2

I Have a numpy array of shape: (5380, 1071)

I am trying to scale it's values using:

from sklearn.preprocessing import MinMaxScaler
scaler = MinMaxScaler()
X_train =  scaler.fit_transform(X_train)

But, i get this error:

ValueError: Input contains infinity or a value too large for dtype('float64').

I checked the maximum value using print(X_train.argmax()) and the output is just "1027"

This array do not contain any nan or infinity value.

This is not a duplicate of

sklearn error ValueError: Input contains NaN, infinity or a value too large for dtype('float64')

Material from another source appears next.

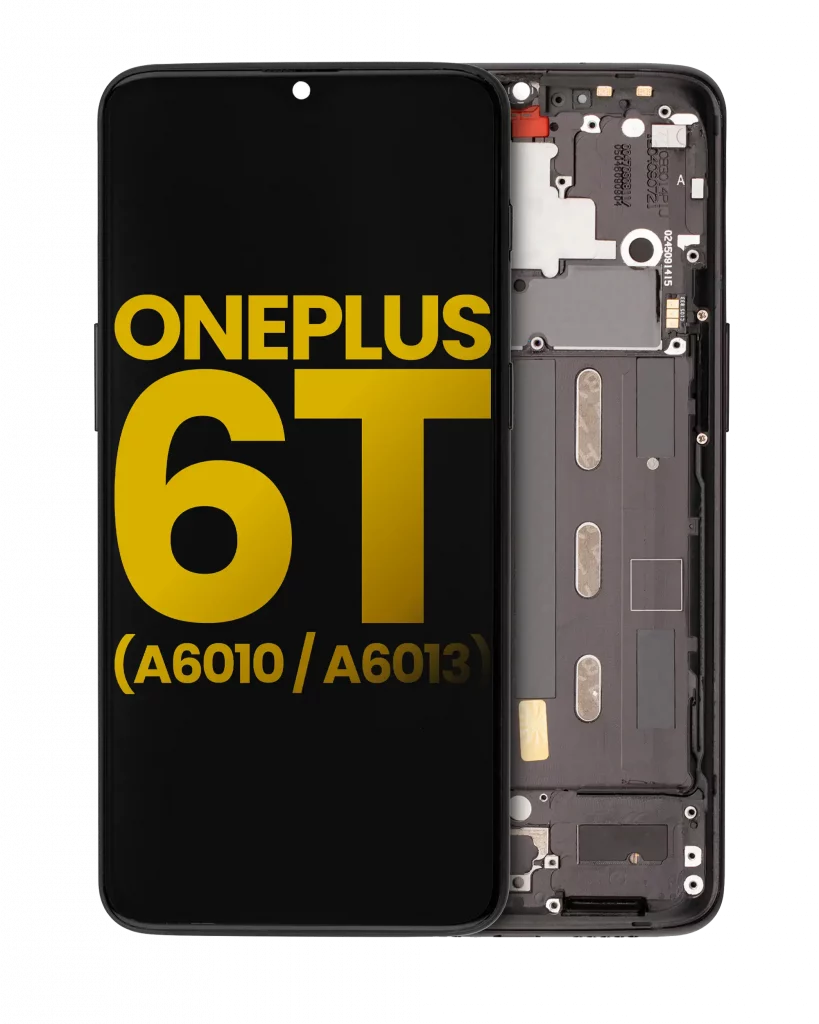 OLED Assembly With Frame For OnePlus 6T (A6010 / A6013) (Refurbished) (Midnight Black)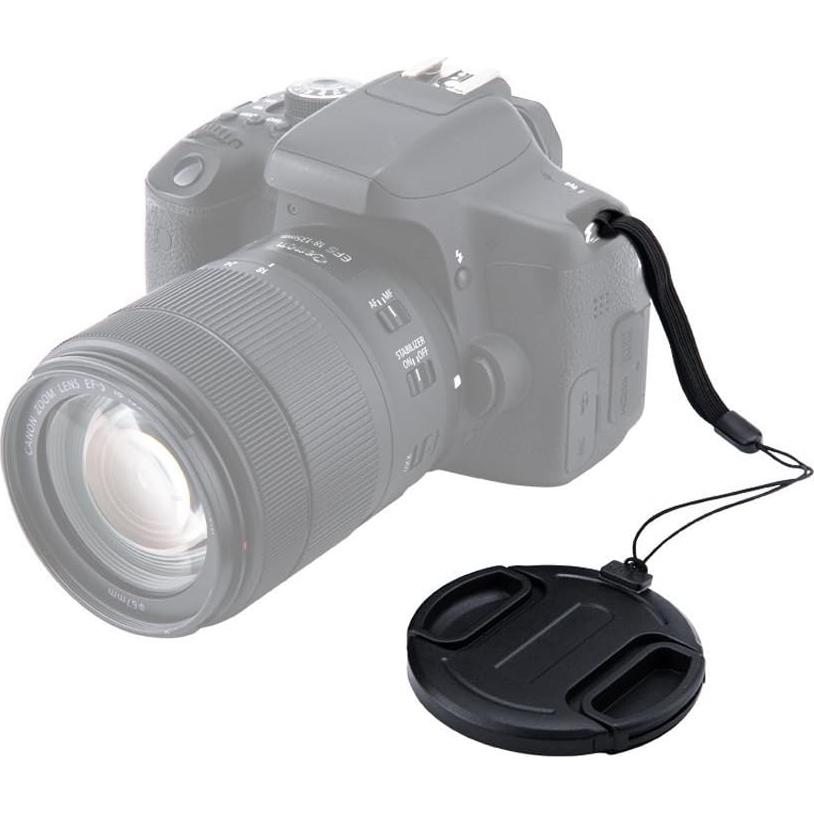 Tapa de Lente JJC 62mm con Cierre Central - 2 Paquetes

Both errors are different.

John Doe
  • 437
  • 1
  • 5
  • 14
  • I'd say run this `pd.isnull(X_train).sum() > 0` just to make sure no columns are showing some "hidden" nan or inf – chitown88 Dec 29 '18 at 10:56
  • @chitown88 False for all columns – John Doe Dec 29 '18 at 11:00
  • 1
    What output of print(X_train.max()) ? – Farseer Dec 29 '18 at 11:00
  • 1
    Note that `argmax` gives the INDEX of the maximum value, not the maximum value itself. Try `X_train.max()` to find the maximum value – Jondiedoop Dec 29 '18 at 11:01
  • ok, next I'd check to see what the data types are for all columns. `print (X_train.dtypes)` – chitown88 Dec 29 '18 at 11:02
  • aahh, the output of `X_train.max()` is `inf`. Feeling so embarrassed. is it also possible to find the column and row id of the `inf` value? – John Doe Dec 29 '18 at 11:04
  • I'm having the same issue. My max is 20434.95 using `df[cols].max().max()`. – Echochi Jun 17 '21 at 18:57
  • Max didn't show the infinite values, but a check with `np.isinf(df[cols]).any()` finally revealed the culprits. I'm using [this thread](https://stackoverflow.com/questions/17477979/dropping-infinite-values-from-dataframes-in-pandas) to find and replace them. – Echochi Jun 17 '21 at 19:08

0 Answers0